I don't trust Xiph having read their comments about what exactly they mean by "Patent free", and having seen the silence over, say, Vorbis's apparent infringement of US Patent 5,214,742. Is Theora "safer" than Vorbis? Well, it's another DCT-based codec, just like 99% of the video codecs in use since H.261, and it's essentially doing stuff where everyone else is doing stuff. The chances of it not violating some patent somewhere is minimal to non-existent, as everyone and their brother is trying to come up with ways to improve DCT based algorithms that they can patent and then submit to MPEG or VCEG for incorporation into the next MPEG or H.26* video standard.

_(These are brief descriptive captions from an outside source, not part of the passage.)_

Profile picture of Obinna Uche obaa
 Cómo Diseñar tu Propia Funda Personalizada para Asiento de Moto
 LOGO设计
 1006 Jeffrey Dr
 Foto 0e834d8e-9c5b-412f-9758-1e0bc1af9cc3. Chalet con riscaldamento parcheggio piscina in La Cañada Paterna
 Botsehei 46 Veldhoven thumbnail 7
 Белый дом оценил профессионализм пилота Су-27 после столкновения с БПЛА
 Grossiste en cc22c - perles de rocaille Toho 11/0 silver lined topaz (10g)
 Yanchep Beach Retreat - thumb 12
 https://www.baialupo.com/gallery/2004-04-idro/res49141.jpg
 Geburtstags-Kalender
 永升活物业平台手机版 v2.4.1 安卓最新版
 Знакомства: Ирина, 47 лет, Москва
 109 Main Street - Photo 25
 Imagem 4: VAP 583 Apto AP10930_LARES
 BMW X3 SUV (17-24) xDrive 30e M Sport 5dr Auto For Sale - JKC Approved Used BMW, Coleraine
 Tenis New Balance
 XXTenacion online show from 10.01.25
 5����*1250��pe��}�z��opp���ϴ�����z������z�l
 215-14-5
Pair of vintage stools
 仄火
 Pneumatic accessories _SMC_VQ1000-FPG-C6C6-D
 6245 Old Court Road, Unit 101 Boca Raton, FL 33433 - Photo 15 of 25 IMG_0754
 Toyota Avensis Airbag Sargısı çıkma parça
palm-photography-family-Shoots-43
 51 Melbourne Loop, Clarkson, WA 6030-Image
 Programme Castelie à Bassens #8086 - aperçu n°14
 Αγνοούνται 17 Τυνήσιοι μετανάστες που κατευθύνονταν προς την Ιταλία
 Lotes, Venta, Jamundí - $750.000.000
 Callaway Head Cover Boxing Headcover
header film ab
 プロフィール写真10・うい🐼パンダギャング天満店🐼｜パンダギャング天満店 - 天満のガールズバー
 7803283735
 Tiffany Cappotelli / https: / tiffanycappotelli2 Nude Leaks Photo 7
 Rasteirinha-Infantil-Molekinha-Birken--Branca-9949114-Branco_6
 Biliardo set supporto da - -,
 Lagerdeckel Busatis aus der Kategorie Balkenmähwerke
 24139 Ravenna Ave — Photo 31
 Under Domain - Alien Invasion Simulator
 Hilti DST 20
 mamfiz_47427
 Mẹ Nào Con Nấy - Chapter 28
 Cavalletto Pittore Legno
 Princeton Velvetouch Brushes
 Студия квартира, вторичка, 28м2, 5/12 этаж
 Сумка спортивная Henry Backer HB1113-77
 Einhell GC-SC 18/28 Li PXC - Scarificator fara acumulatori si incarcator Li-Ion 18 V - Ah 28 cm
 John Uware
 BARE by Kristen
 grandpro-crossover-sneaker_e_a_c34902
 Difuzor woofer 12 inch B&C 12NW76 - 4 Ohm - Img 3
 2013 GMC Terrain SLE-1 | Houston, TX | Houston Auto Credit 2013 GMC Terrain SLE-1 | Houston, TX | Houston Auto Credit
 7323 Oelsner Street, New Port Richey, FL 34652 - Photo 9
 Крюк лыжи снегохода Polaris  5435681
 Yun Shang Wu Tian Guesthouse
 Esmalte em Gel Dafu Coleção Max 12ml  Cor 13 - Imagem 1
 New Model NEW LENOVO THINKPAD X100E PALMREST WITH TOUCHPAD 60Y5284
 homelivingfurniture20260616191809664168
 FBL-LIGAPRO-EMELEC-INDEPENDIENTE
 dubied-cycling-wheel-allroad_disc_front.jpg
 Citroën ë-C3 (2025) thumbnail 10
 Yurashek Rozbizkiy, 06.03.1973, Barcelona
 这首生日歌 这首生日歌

There are really only three standards that could be considered free of patent issues, and even then it's not entirely 100% certain. H.261 dates back to the mid eighties. The ITU lists no current patents applying to MPEG-1. (It's worth pointing out that Theora's predecessor, VP3, is considered to be somewhere between H.261 and MPEG-1 in terms of quality.) And finally, the BBC did an extensive search for anything that might hit their Dirac codec and came up blank, as well as proposing (and then withdrawing once published, so they count as prior art) some patents themselves, so Dirac is in the running too.
Theora? If I was a commercial concern, I would avoid it. I'd go for the predictability of a licensable codec ahead of one that almost certainly would be a target for patent lawsuits if it ever achieves critical mass, and possibly earlier.
I might feel differently if Xiph didn't play word games with the term "Patent free", and gave a straight answer on the issues of actual patents people have found, rather than turning around and saying "Yeah, we ran it by a lawyer, and they said we're OK, but we're not going to tell you why because it's our super secret defense we'll use if we're ever sued", which doesn't exactly inspire confidence, especially as nobody will ever sue Xiph anyway (Xiph just writes the software, they leave the packaging, compiling, possible selling, and actual using to everyone else.)
You are not alone. This is not normal. None of this is normal.